The transgender guidelines for elite sport have been updated by the International Olympic Committee in an effort to keep women’s sport fair, following division over the original version.
Former swimmer Sharron Davies and cyclist Nicole Cooke were among the athletes who criticised the IOC when they approved new guidelines in November last year saying trans women seeking to compete in female competitions should have “no presumption of advantage”.
They slammed the original guidelines for not providing enough detail.
The updated statement reads, according to the Daily Mail: “Principle 4 [fairness] recognises that sports organisations may at times need to issue eligibility criteria for sex-segregated competition to maintain a fair and proportionate distribution of competitive advantages among participants.”

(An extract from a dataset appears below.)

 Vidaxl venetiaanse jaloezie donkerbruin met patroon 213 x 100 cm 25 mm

“It also recognises the particular importance of advancing equality for women in sport and preserving fair and meaningful competition for elite women athletes, which may require criteria that limit eligibility in some cases.”

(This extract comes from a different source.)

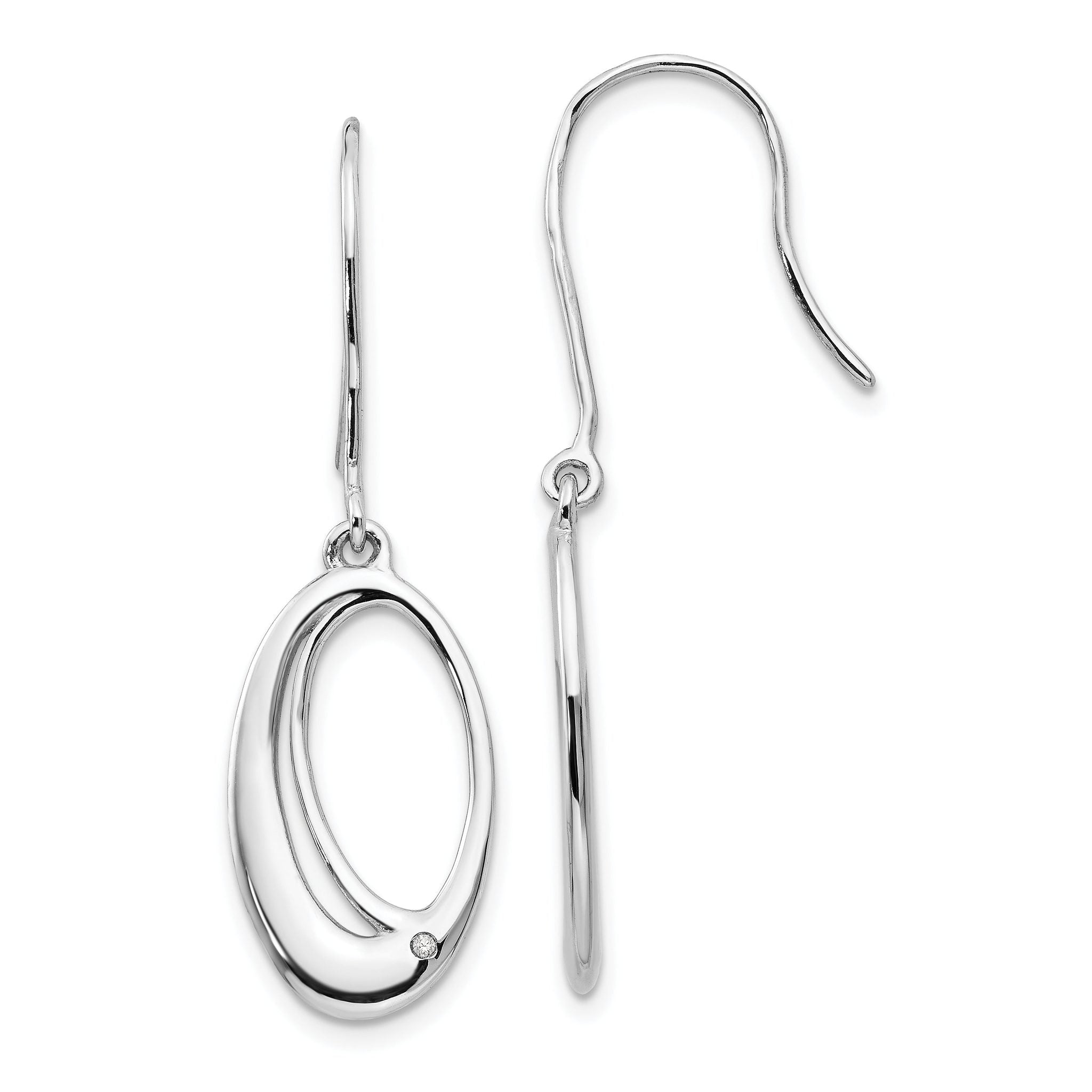 Sophia Jewelers Sterling Silver Diamond Dangle Earrings with Rhodium Polish Main image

The guidelines were published in the British Journal of Sports Medicine.
At the centre of the fierce debate was the high profile case of US swimmer Lia Thomas.
Thomas dominated US women’s college swimming as a student athlete at the University of Pennsylvania where just a few years earlier she competed as a male.

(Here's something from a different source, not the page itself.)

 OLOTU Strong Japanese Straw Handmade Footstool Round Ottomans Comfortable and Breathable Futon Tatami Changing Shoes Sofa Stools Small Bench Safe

Some, including several teammates, said she had an unfair physiological advantage and should be barred from competing, while others argued she should be allowed to compete freely as a woman.
Another well-known case at the centre of the controversy was that of British cyclist Emily Bridges, who was blocked from competing at the Commonwealth Games earlier this year after British Cycling suspended their trans policy and inclusion rules were tightened by global cycling governing body Union Cycliste Internationale.
The Daily Mail reports the new 5188-word statement is portrayed as a clarification of the existing framework by addressing each of its 10 categories, or “principles” so that individual sports ruling bodies have more clarity.
It recommends eligibility criteria equally consider the inclusion of transgender athletes and fairness for women and that the opinion of scientific and medical experts are taken into account along with human rights advocates.
The new paper “acknowledges that testosterone may be an important factor shaping performance in elite athletes in certain sports” but that it is too crude a determinant of an athlete’s eligibility.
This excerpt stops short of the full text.